まだ完全に起き上がっていないアーガを見た瞬間――
背中の翼を広げる。逃げるつもりだ。
しかし。
アーガもすでに立ち上がっていた。即座に四枚のカードを交換する。
赤5――氷。
黄5――白鳥。
青3――集中印。
緑3――射術。
「冷凍形態·532号」
冷たい魔力が全身を包み込む。白鳥のカードが持つ飛行能力が発動した。アーガが軽く地面を蹴る。その身体がそのまま空へ浮かび上がった。
ライドがある程度の距離まで飛んだ、そのとき。背後から鋭い破空音が聞こえた。振り返る。
アーガが追ってきている。
「なっ……!」
アーガが片手を上げた。指先から氷の弾丸が次々に発射される。
一発一発が非常に速い。そして軌道も正確だった。
ライドは何度も進行方向を変えざるを得ない。身体を捻って氷弾を避けながら、翼を強く羽ばたかせて高度を上げる。
夜の闇。建物の影。それらを利用してアーガを振り切ろうとした。
だが――
アーガの射撃は安定していた。最初の氷弾がライドの右側を塞ぐ。二射目は下降しようとする進路へ撃ち込まれる。三射目は、塔を回り込もうとした先へ先回りするように飛んだ。
ライドは空中で急旋回するしかない。
「くそっ!」
口を開き、血弾を連続して吐き出す。血弾と氷弾が夜空で次々に衝突した。赤と白の光が空中で何度も炸裂する。二人は採掘場の上空を高速で飛び抜けていった。
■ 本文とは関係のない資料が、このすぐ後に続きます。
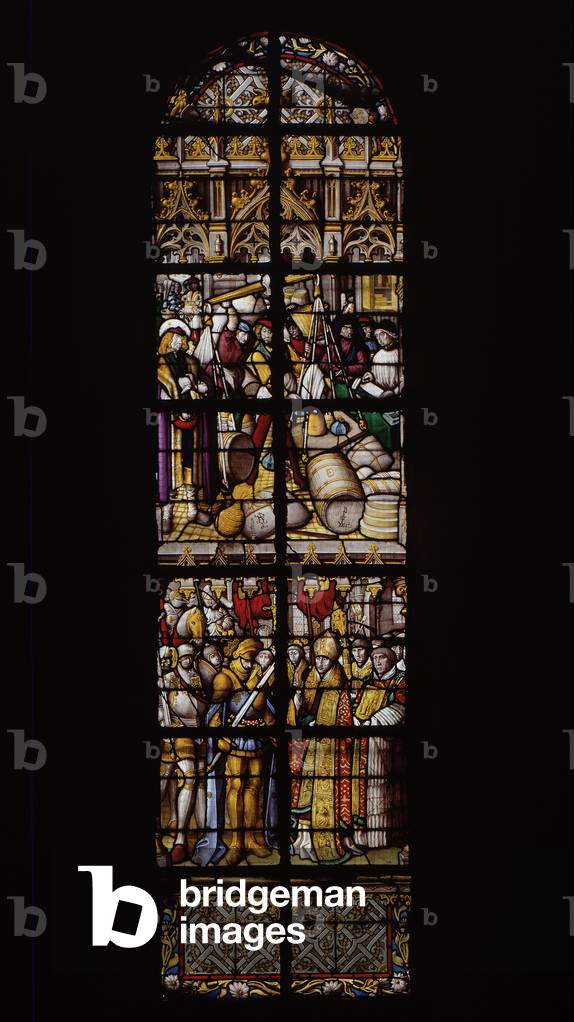 A right to weights and measures, guaranteed by the presence of an appropriate controller (top). Chilperic welcomed by the eveque of Tournai after the defeat by his brother Sigebert (bottom). Stained glass at the Cathedrale de Tournai: Transept right (3).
高塔。石壁。放置された採掘用の足場。それらが次々に眼下を通り過ぎていく。
地上で暴動を起こしていた人々も、その光景に一瞬動きを止めた。
「何だ、あれ……?」
「誰かが空でライドを追ってるぞ!」
「真実を暴いた、あの若者だ!」
「あいつ、空まで飛べるのか!?」
ライドは飛べば飛ぶほど焦り始めた。
アーガの冷凍形態は、先ほどの形態ほど接近戦で爆発的な力を出せるわけではない。
だが――
空中追撃においては圧倒的に厄介だった。
集中印と射術。この二つが組み合わさることで、ライドの逃走経路は少しずつ潰されていく。
加速しようとすれば、その先へ氷弾が飛んでくる。反撃しようと振り返れば、アーガはすぐに角度を変え、次の射撃で押し込んでくる。
二人はそのまま、第四城区の反対側まで飛び続けた。
そこで――
アーガの目が鋭くなる。
「今だ」
ジョーカーカードを右側のスロットへ入れた。
再び膨大な魔力が集まる。
片手をライドへ向ける。
「冷霜鳴――穿空!」
極寒の魔力が一点へ圧縮された。水と氷が混じり合った高速弾が、一筋の白青色の光となって夜空を貫く。
ライドも危険を察知した。無理やり身体を横へ捻る。
しかし――
僅かに遅かった。
轟ッ!
右の翼へ直撃する。蝙蝠の翼の半分が一瞬で凍結し――
そのまま血肉ごと弾け飛んだ。
「ぐああああっ!」
ライドが絶叫する。
飛行高度が一気に下がった。
それでも逃げようとする。
アーガは、その機会を与えなかった。すぐにカードを交換する。
赤5――氷を抜き、赤2――水。
青3――集中印を抜き、青4――零慣性。
緑3――射術を抜き、緑5――束縛。
「潮生形態·545号」
水流の魔力がアーガの身体を包み込んだ。
そして零慣性。その力によって、空中での動きが異常なものへ変わる。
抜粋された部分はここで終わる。